▶ _What needs to be done_:
The reply should hold every line of the data, unchanged and complete.

▶ _Saved data entries_:

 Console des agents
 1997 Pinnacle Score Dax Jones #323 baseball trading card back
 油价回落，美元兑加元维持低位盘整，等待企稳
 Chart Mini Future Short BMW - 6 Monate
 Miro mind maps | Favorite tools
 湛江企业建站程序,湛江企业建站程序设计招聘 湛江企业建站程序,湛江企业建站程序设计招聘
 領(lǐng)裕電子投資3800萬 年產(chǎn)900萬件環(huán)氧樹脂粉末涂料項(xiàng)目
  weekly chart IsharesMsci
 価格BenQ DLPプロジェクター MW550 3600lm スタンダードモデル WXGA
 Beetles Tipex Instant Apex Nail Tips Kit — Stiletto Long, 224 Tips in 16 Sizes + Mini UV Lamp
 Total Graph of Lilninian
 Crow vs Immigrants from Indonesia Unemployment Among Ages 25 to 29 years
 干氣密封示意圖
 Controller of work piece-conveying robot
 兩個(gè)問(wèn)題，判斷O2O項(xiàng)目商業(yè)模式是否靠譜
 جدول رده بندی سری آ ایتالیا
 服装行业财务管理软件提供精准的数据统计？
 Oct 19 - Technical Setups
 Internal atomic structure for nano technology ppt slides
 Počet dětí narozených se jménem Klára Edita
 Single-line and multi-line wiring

▶ _Task answer_:
 Console des agents
 1997 Pinnacle Score Dax Jones #323 baseball trading card back
 油价回落，美元兑加元维持低位盘整，等待企稳
 Chart Mini Future Short BMW - 6 Monate
 Miro mind maps | Favorite tools
 湛江企业建站程序,湛江企业建站程序设计招聘 湛江企业建站程序,湛江企业建站程序设计招聘
 領(lǐng)裕電子投資3800萬 年產(chǎn)900萬件環(huán)氧樹脂粉末涂料項(xiàng)目
  weekly chart IsharesMsci
 価格BenQ DLPプロジェクター MW550 3600lm スタンダードモデル WXGA
 Beetles Tipex Instant Apex Nail Tips Kit — Stiletto Long, 224 Tips in 16 Sizes + Mini UV Lamp
 Total Graph of Lilninian
 Crow vs Immigrants from Indonesia Unemployment Among Ages 25 to 29 years
 干氣密封示意圖
 Controller of work piece-conveying robot
 兩個(gè)問(wèn)題，判斷O2O項(xiàng)目商業(yè)模式是否靠譜
 جدول رده بندی سری آ ایتالیا
 服装行业财务管理软件提供精准的数据统计？
 Oct 19 - Technical Setups
 Internal atomic structure for nano technology ppt slides
 Počet dětí narozených se jménem Klára Edita
 Single-line and multi-line wiring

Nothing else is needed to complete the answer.